# EXERCISE BRIEF:
Taking the line that contains "Bedsure Cotton Duvet" as the start and the last line of the data as the end, repeat exactly every line in that span, but no pictures.

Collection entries

▽

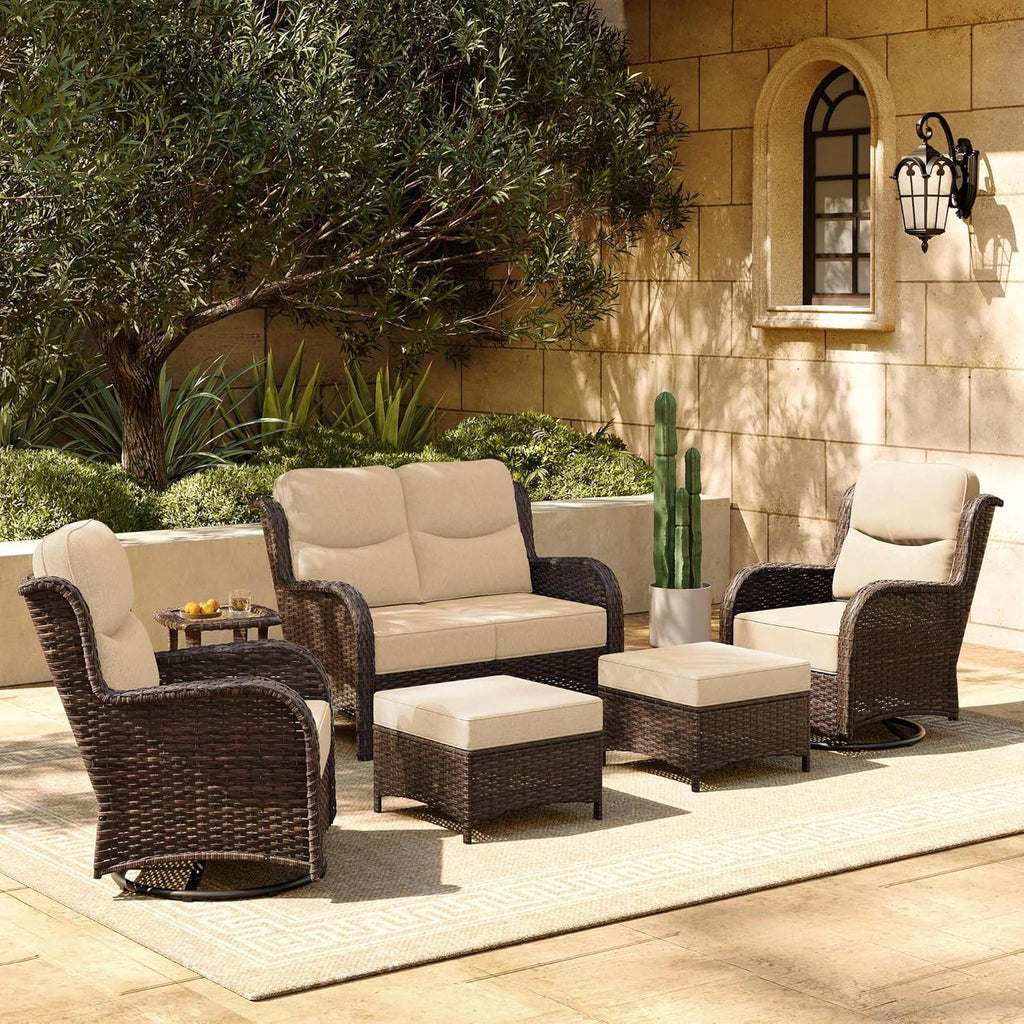 HILLGA 6-Piece Luxury Patio Furniture Set with 6' Thick Cushions, Weather-Resistant Wicker High Back Swivel Rocker Chairs, Senior-Friendly Outdoor Loveseat Set for Deck, Yard and Poolside, Beige(V2)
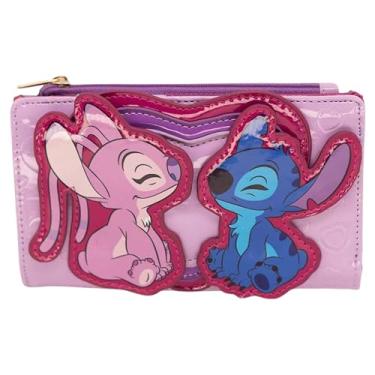 Imagem de Zonacriativa- Carteira Stitch e Angel Disney (16x9,5cm) | Tecido sintético e nylon, fechamento com zíper e espaço para dinheiro, cartões e documentos
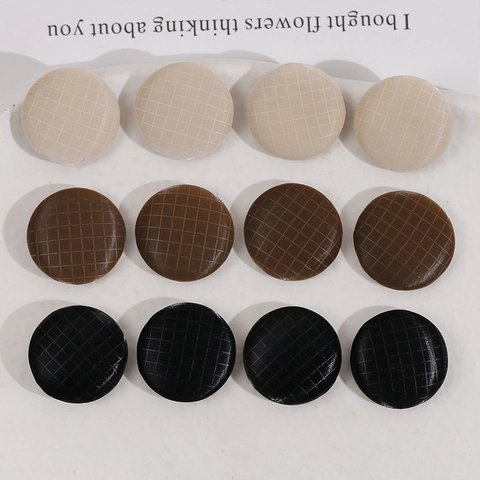 Round Fabric Covered Metal Buttons Plaid Checkered Pattern Decorative Patches For DIY Sewing Jewelry Making Accessories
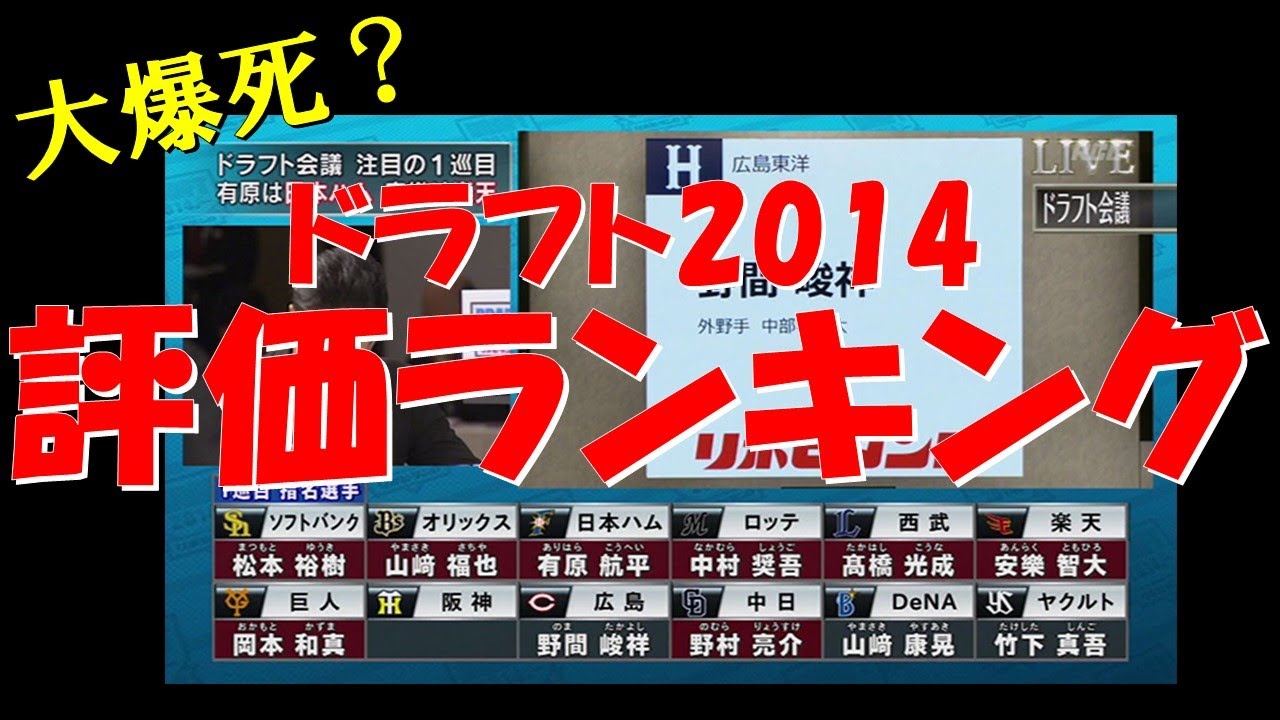 14年 10年に1度の大爆死 ドラフト評価ランキング 元野球記者が年度別に12球団を査定 プロ野球 Youtube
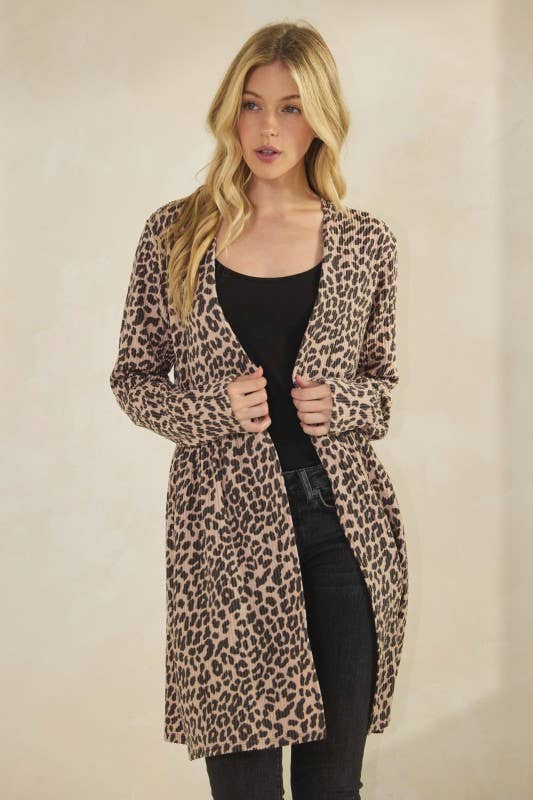 CURVY ANIMAL PRINT RIBBED BABY-DOLL CARDIGAN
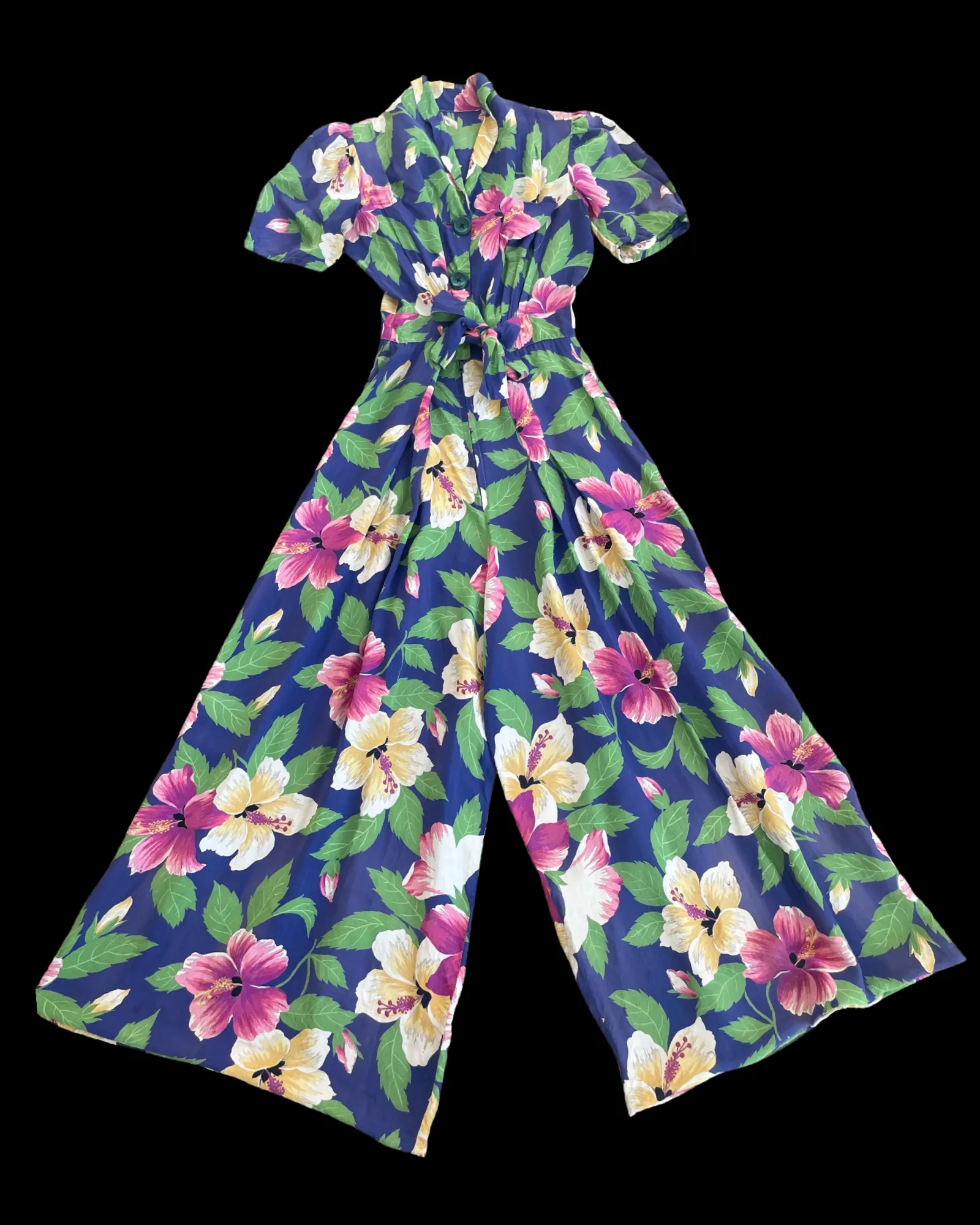 Rare 1940s Hawaiiana Rayon Palazzo Pant Tie Waist Jumpsuit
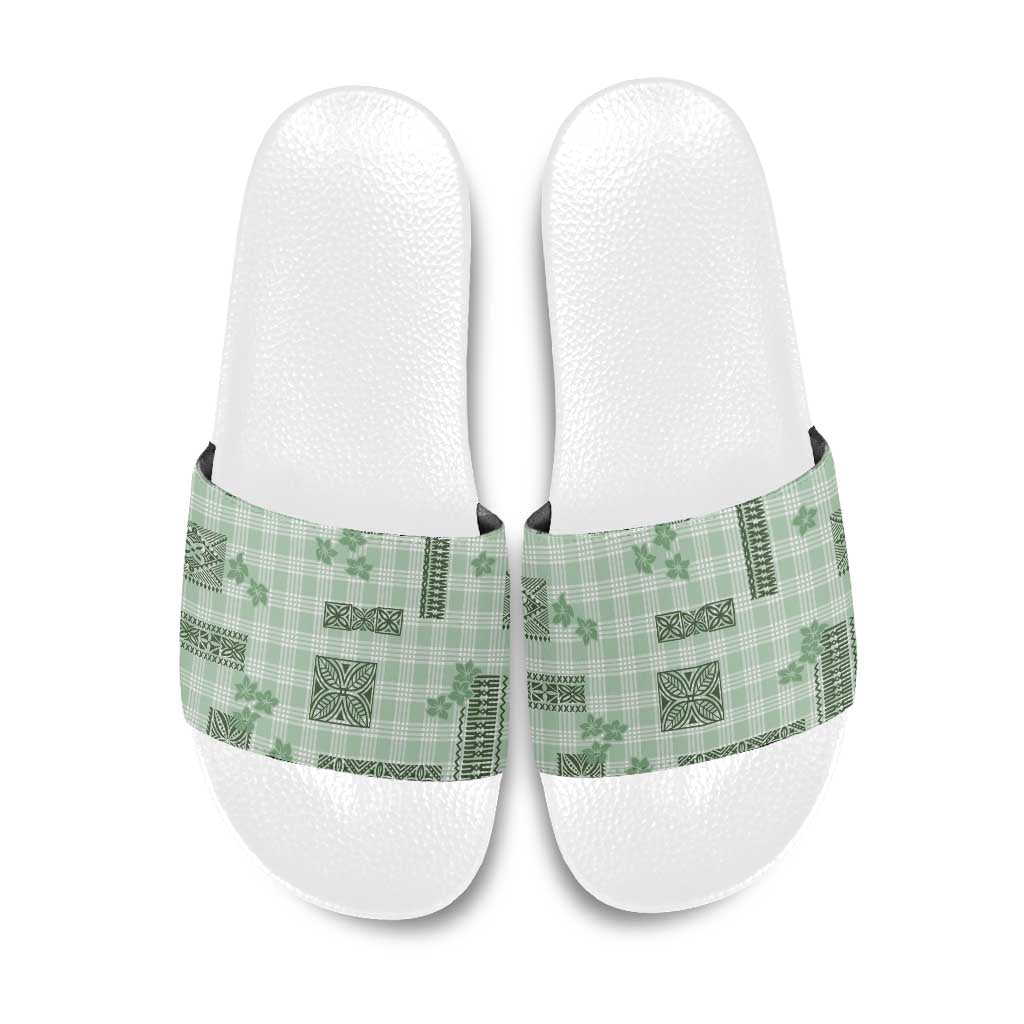 Hawaiian Quilt Tapa On Pastel Mint Palaka Motifs Slide Sandals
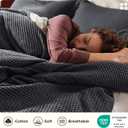 Bedsure Cotton Duvet Cover Set - 100% Cotton Waffle Weave Charcoal Duvet Cover Oversized King Size, PureWoven Breathable Bedding Set for All Season, 3 Pieces, 120"x98"
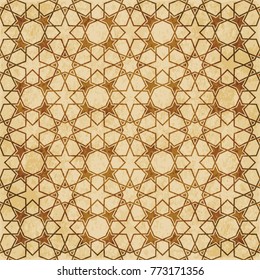 Retro brown Islam seamless geometry pattern background eastern style ornament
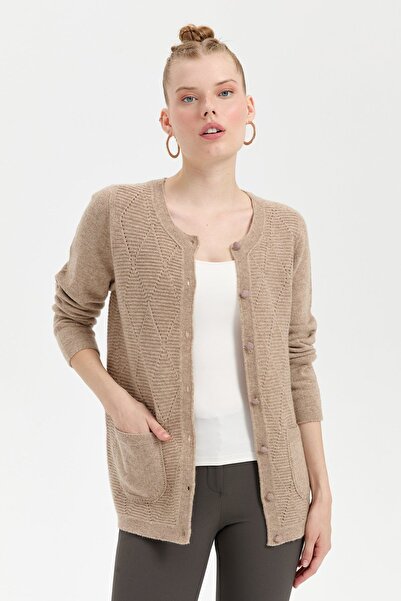 Desen Triko Beige Women's Wool Cardigan - Zero Collar and Front Diamond Seamless Knit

△

# OUTPUT BELOW:
 Bedsure Cotton Duvet Cover Set - 100% Cotton Waffle Weave Charcoal Duvet Cover Oversized King Size, PureWoven Breathable Bedding Set for All Season, 3 Pieces, 120"x98"
 Retro brown Islam seamless geometry pattern background eastern style ornament
 Desen Triko Beige Women's Wool Cardigan - Zero Collar and Front Diamond Seamless Knit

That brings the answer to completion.